- [Short web captions]:

▼

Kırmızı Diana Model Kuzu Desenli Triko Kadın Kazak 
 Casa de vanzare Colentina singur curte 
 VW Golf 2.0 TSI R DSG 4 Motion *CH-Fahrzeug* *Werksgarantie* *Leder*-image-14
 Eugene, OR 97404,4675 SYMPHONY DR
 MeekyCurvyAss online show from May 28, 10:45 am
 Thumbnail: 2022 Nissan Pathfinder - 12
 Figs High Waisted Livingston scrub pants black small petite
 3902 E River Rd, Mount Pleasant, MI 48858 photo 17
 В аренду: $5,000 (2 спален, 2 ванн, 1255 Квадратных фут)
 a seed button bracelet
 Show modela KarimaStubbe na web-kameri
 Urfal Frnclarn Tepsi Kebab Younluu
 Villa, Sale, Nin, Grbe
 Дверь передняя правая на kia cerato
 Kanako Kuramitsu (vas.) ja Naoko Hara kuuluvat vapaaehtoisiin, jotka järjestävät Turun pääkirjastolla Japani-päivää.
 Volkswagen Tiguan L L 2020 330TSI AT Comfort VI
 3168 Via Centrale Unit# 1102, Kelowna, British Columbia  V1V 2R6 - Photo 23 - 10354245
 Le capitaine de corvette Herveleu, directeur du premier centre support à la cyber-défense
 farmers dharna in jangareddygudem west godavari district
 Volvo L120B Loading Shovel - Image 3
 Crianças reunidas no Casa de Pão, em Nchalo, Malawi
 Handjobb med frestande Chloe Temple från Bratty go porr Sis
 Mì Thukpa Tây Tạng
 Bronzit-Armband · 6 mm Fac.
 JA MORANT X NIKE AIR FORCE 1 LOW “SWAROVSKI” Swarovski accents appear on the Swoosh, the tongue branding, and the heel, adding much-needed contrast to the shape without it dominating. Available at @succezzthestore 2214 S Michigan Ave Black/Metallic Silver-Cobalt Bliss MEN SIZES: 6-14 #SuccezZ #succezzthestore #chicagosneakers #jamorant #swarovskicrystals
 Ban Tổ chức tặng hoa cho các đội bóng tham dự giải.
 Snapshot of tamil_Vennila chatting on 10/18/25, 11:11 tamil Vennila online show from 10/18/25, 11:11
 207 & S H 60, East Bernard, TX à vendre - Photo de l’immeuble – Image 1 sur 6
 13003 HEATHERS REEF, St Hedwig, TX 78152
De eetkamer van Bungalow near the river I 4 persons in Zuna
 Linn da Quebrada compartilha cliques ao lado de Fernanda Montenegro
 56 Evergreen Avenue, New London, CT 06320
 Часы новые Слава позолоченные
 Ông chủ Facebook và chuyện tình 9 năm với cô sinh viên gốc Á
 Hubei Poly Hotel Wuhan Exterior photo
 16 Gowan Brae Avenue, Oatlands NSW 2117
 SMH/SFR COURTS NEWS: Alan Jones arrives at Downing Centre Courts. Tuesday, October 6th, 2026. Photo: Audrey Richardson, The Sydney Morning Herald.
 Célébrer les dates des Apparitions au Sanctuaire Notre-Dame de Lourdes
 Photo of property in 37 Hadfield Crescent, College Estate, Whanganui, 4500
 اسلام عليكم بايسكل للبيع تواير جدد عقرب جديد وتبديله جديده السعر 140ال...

▲

- [Problem description]:
Scan the entries above for the line containing "farmers dharna in", and copy it and all lines after it exactly, down to and including the line containing "Mì Thukpa Tây Tạng".

- [Finished task]:
 farmers dharna in jangareddygudem west godavari district
 Volvo L120B Loading Shovel - Image 3
 Crianças reunidas no Casa de Pão, em Nchalo, Malawi
 Handjobb med frestande Chloe Temple från Bratty go porr Sis
 Mì Thukpa Tây Tạng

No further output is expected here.